Friday, August 19, 2011

Inside Job: A film by Leni Riefenstahl


Inside job was not an epiphany. It was more of an afterthought.

I wanted to get some insight or greater understanding to the point
of enlightenment about the condition that rocked and continues to rock
and redefine our world global economies etc. What I got was an
extra grind

Now please note this film is extremely well made. Extremely
beautiful extremely high-quality, creative, inventive in its use of
interview positions, questioners voice present - this is an advanced documentary.
Really.


But the problem is:

When one construct stories that cease to be a quest - when the truth is laid out plainly and clearly and bluntly at the start and reinforced with more and more heavy handed (beautiful) imagery and interview, what are we dealing with?
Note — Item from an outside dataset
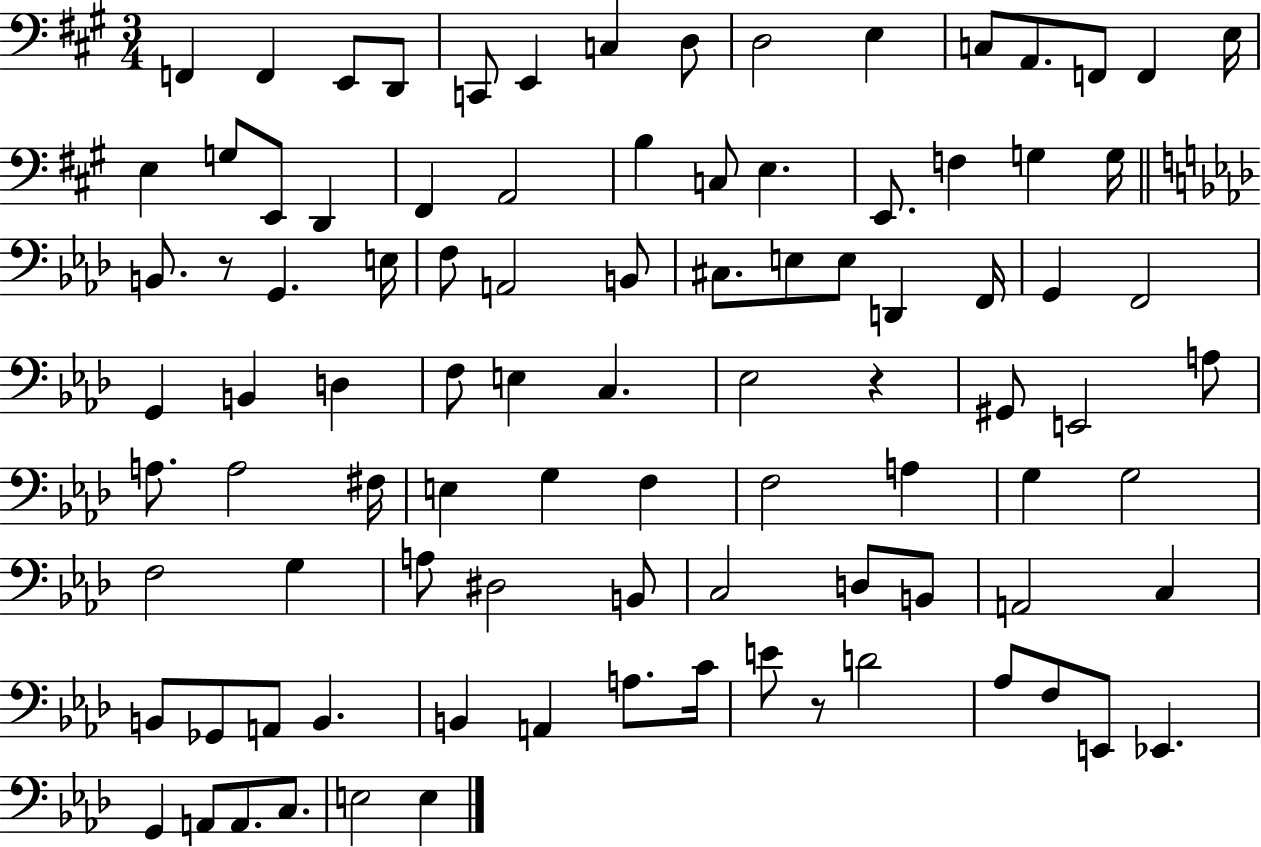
F2/q F2/q E2/e D2/e C2/e E2/q C3/q D3/e D3/h E3/q C3/e A2/e. F2/e F2/q E3/s E3/q G3/e E2/e D2/q F#2/q A2/h B3/q C3/e E3/q. E2/e. F3/q G3/q G3/s B2/e. R/e G2/q. E3/s F3/e A2/h B2/e C#3/e. E3/e E3/e D2/q F2/s G2/q F2/h G2/q B2/q D3/q F3/e E3/q C3/q. Eb3/h R/q G#2/e E2/h A3/e A3/e. A3/h F#3/s E3/q G3/q F3/q F3/h A3/q G3/q G3/h F3/h G3/q A3/e D#3/h B2/e C3/h D3/e B2/e A2/h C3/q B2/e Gb2/e A2/e B2/q. B2/q A2/q A3/e. C4/s E4/e R/e D4/h Ab3/e F3/e E2/e Eb2/q. G2/q A2/e A2/e. C3/e. E3/h E3/q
We're dealing with propaganda.

I don't know where issue pieces like this really lay. where they need to go, what they need to do when a filmmaker comes to the project already knowing what he wants to say.
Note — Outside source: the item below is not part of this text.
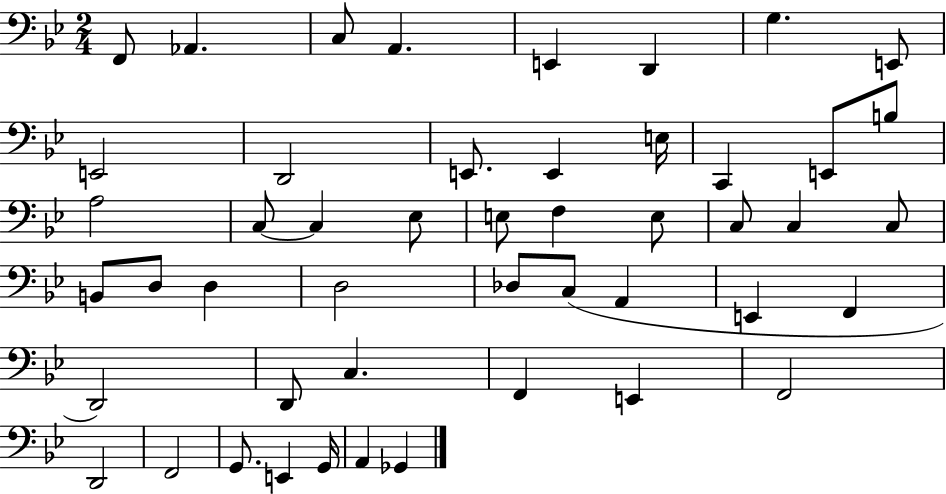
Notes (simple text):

F2/e Ab2/q. C3/e A2/q. E2/q D2/q G3/q. E2/e E2/h D2/h E2/e. E2/q E3/s C2/q E2/e B3/e A3/h C3/e C3/q Eb3/e E3/e F3/q E3/e C3/e C3/q C3/e B2/e D3/e D3/q D3/h Db3/e C3/e A2/q E2/q F2/q D2/h D2/e C3/q. F2/q E2/q F2/h D2/h F2/h G2/e. E2/q G2/s A2/q Gb2/q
But it can't be this. It can't come out like this.

It's the same dilemma for fiction filmmakers, novelists, poets. In some way, maybe even explicitly, they know what their story is about, they know what they want to say to their audience. But they cannot explicitly spell it out or it becomes repugnant to the audience - like a bad pill, like bad cheese. Like bad food that that body simply rejects.

This film did not bring me in. Despite its beauty and authority. It only sent me away.

That cannot be what the filmmaker intended.

Someone smart once said, that Symbols must be used in stories and films because they elevate the story to an archetypal level. But if the symbols become explicit and recognizable as symbols, the power reverses and the audience is thrown back down to their terrestrial plane with no insight, noe elevation, and only the sense that symbols are dead.

Don't kill the symbols that you are trying to create.